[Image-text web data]
=== Begin Enclosure ===
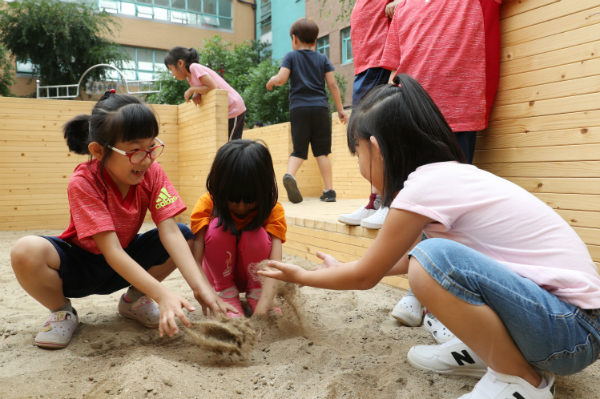 올해 초등학교 1학년 교실은 '북적북적'…전년 대비 1만명 이상 증가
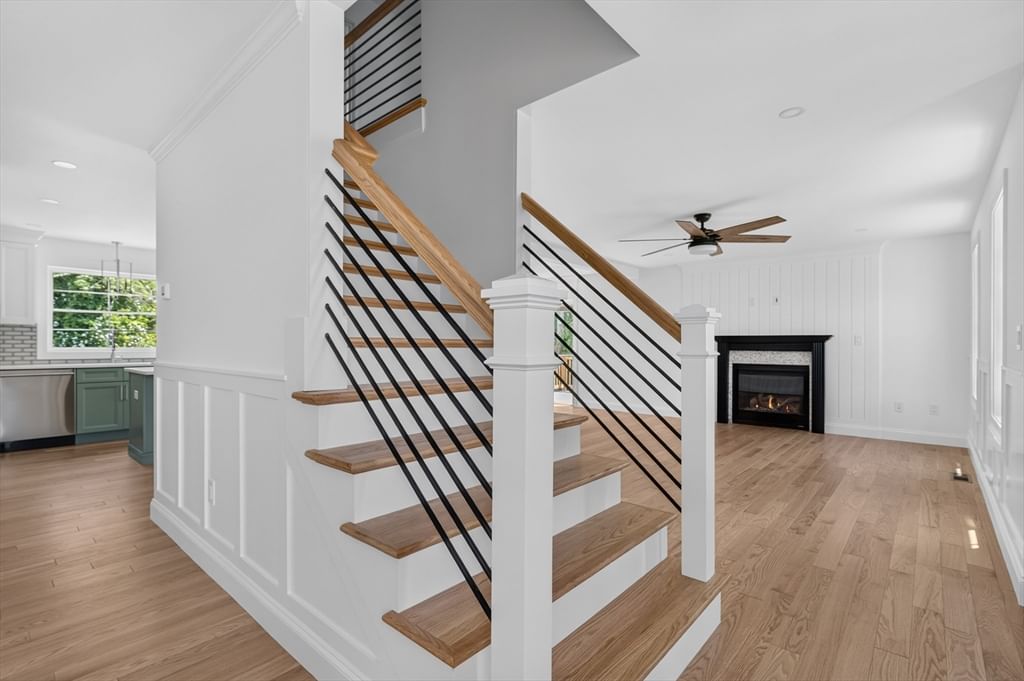 44 Slade St, Dartmouth, MA, 44 Slade St, Dartmouth, MA Photo #4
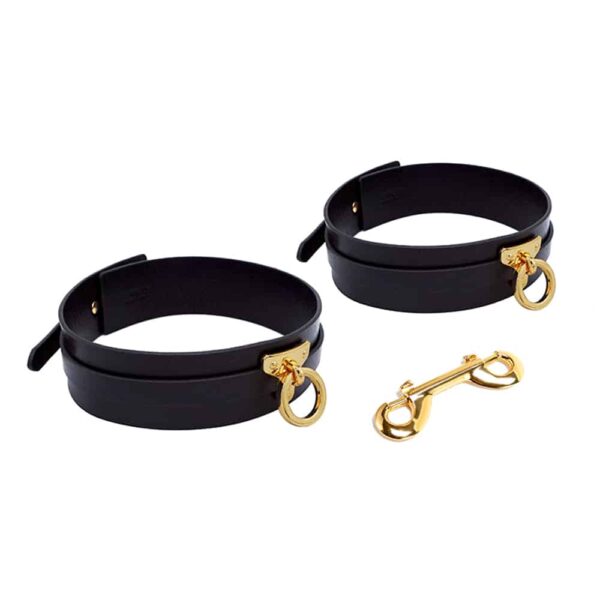 Esposas para muslos en cuero negro y accesorios de oro de 24K hechos a mano por UPKO en Brigade Mondaine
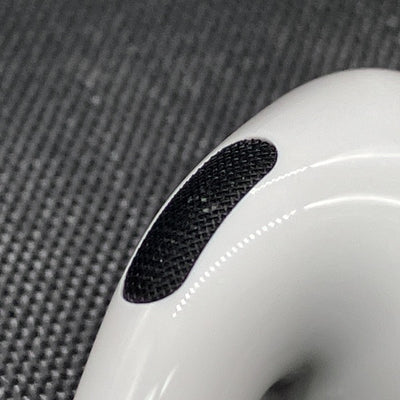 【中古】MagSafe充電ケース(USB-C)付きAirPods Pro(第2世代) MTJV3JA【秋葉原】
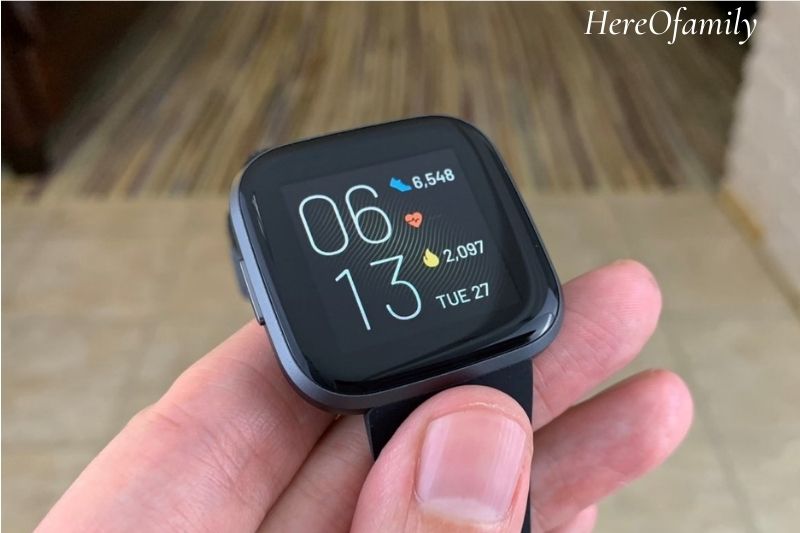 Is it possible for the Fitbit Versa 2 to text and phone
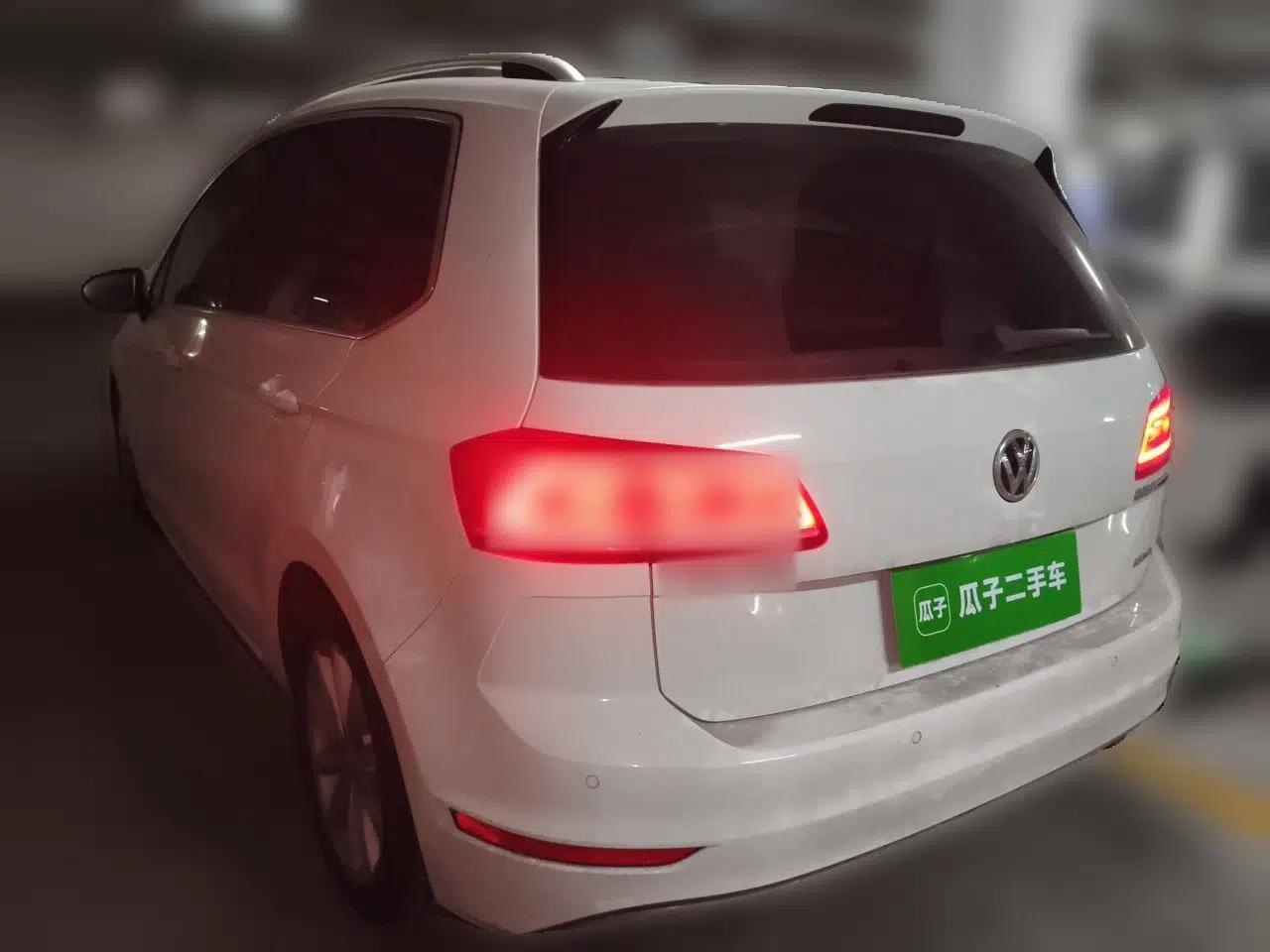 Volkswagen Golf Sportsvan 2019 280TSI Automatic Trendy Model China VI Standard — миниатюра 4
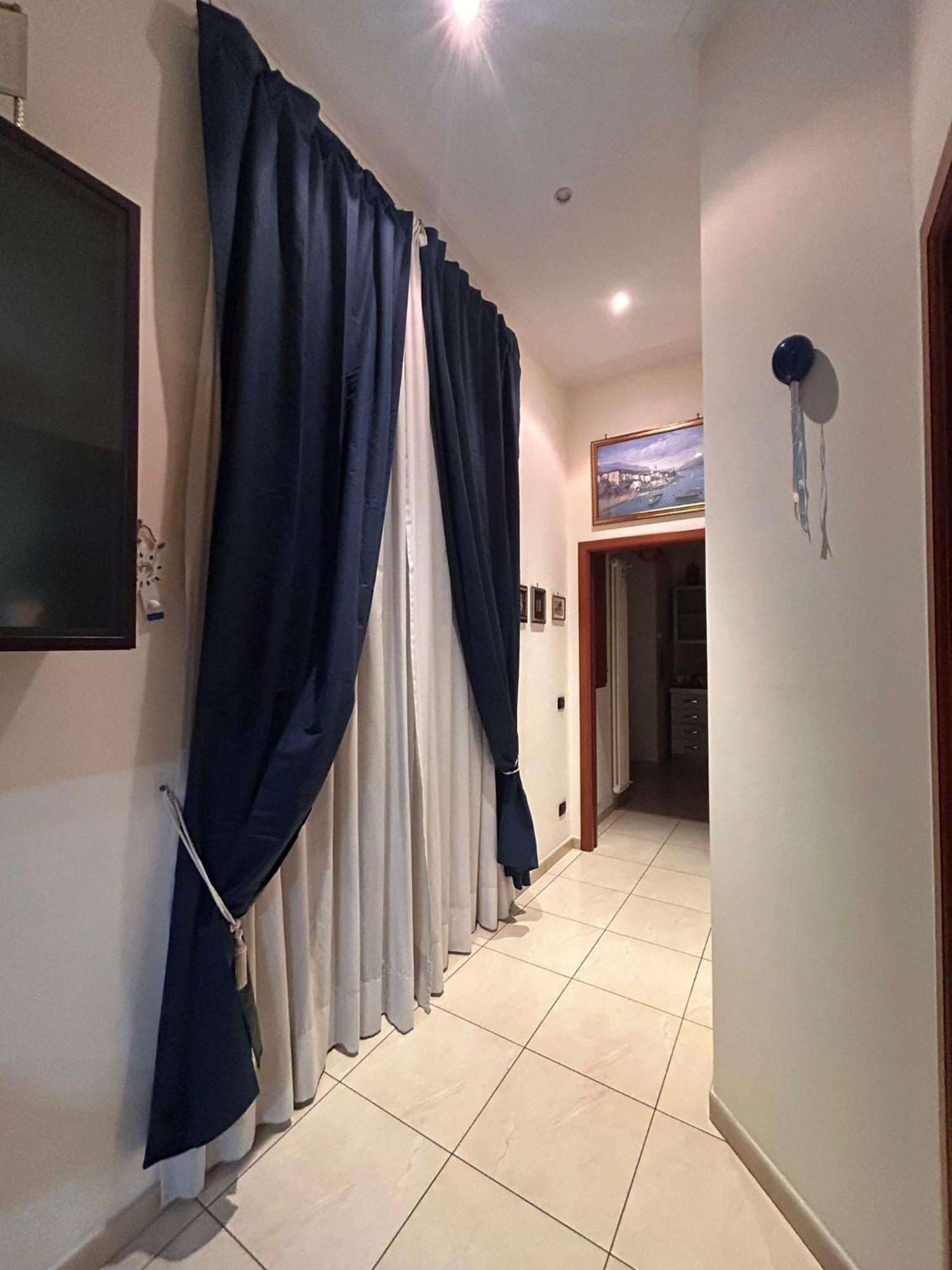 Vomero Inn Napoli Bagian luar foto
=== End Enclosure ===
What is required:
Copy exactly, and copy nothing else: the lines from the one containing "Esposas para muslos" through the end of the data, both ends included, with pictures left out.

Result of the task:
 Esposas para muslos en cuero negro y accesorios de oro de 24K hechos a mano por UPKO en Brigade Mondaine
 【中古】MagSafe充電ケース(USB-C)付きAirPods Pro(第2世代) MTJV3JA【秋葉原】
 Is it possible for the Fitbit Versa 2 to text and phone
 Volkswagen Golf Sportsvan 2019 280TSI Automatic Trendy Model China VI Standard — миниатюра 4
 Vomero Inn Napoli Bagian luar foto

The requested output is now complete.